> EXERCISE DATA
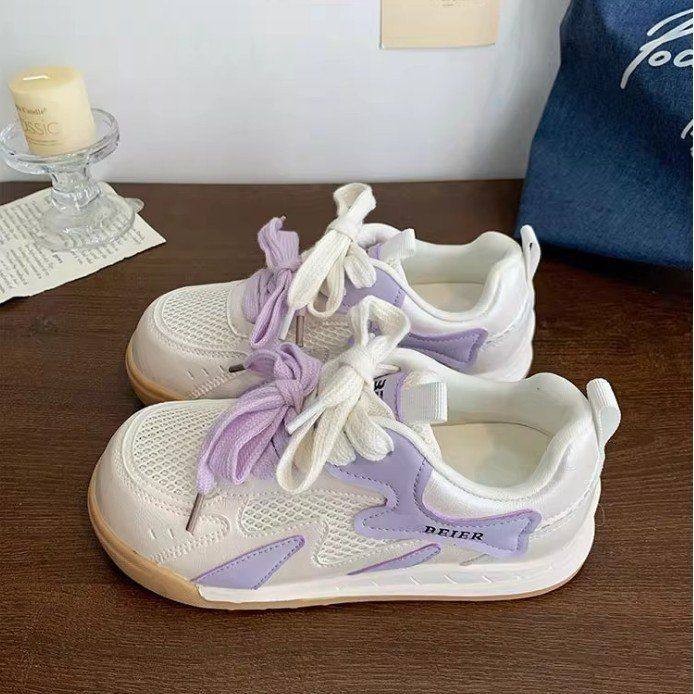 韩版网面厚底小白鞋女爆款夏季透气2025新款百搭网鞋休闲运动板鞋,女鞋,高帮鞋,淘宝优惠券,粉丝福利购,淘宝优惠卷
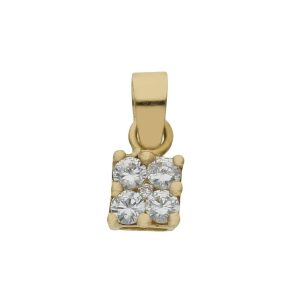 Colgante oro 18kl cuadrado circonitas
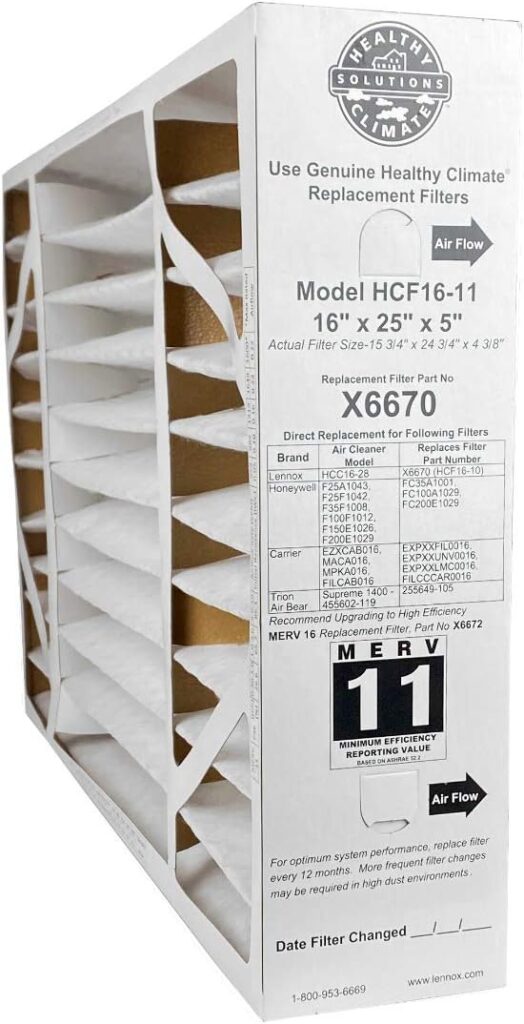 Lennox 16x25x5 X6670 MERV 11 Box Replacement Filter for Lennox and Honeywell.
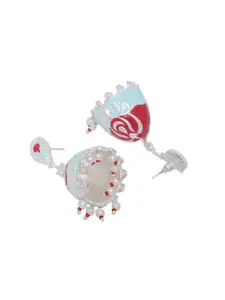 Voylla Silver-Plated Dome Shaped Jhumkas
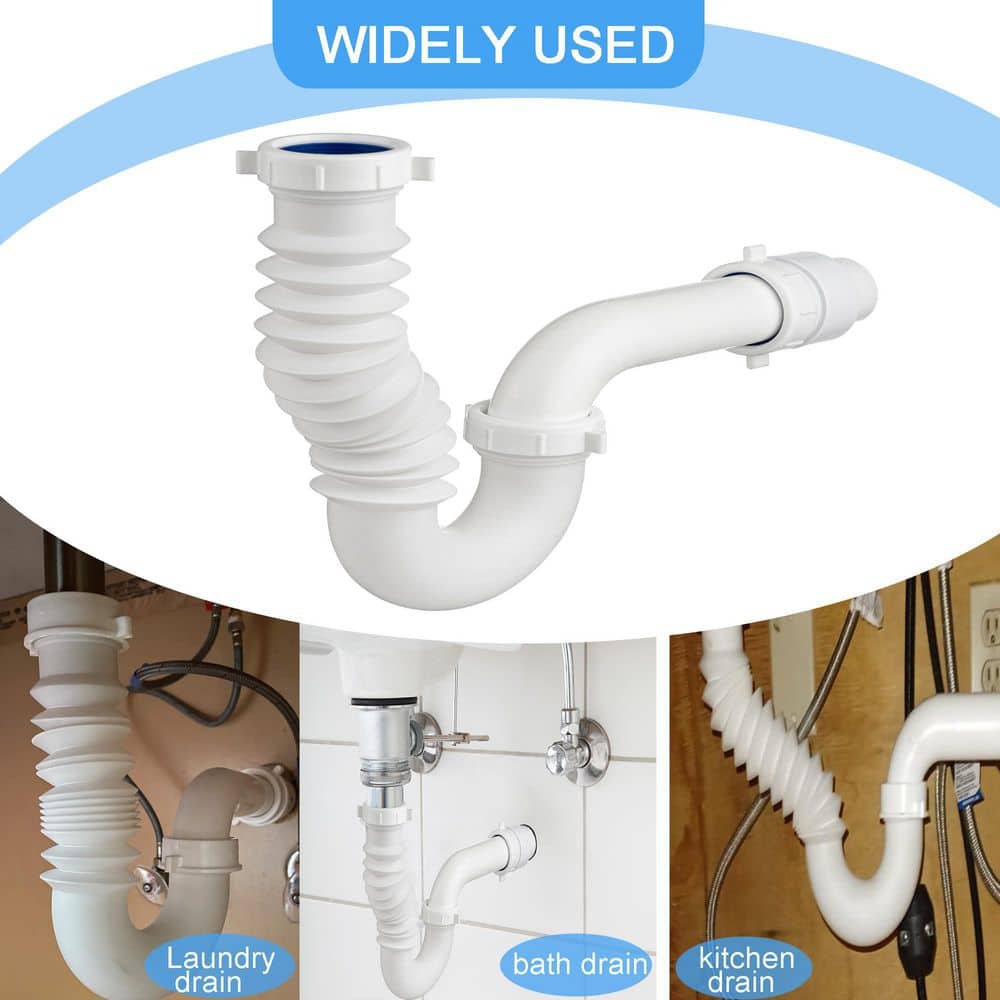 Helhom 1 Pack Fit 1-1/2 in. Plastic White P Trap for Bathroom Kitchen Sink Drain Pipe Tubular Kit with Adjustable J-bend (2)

> EXERCISE INSTRUCTIONS
Your copy should run from the line that has "Lennox 16x25x5 X6670" through the last line above, exactly, with both ends in and pictures out.

> YOUR SOLUTION
 Lennox 16x25x5 X6670 MERV 11 Box Replacement Filter for Lennox and Honeywell.
 Voylla Silver-Plated Dome Shaped Jhumkas
 Helhom 1 Pack Fit 1-1/2 in. Plastic White P Trap for Bathroom Kitchen Sink Drain Pipe Tubular Kit with Adjustable J-bend (2)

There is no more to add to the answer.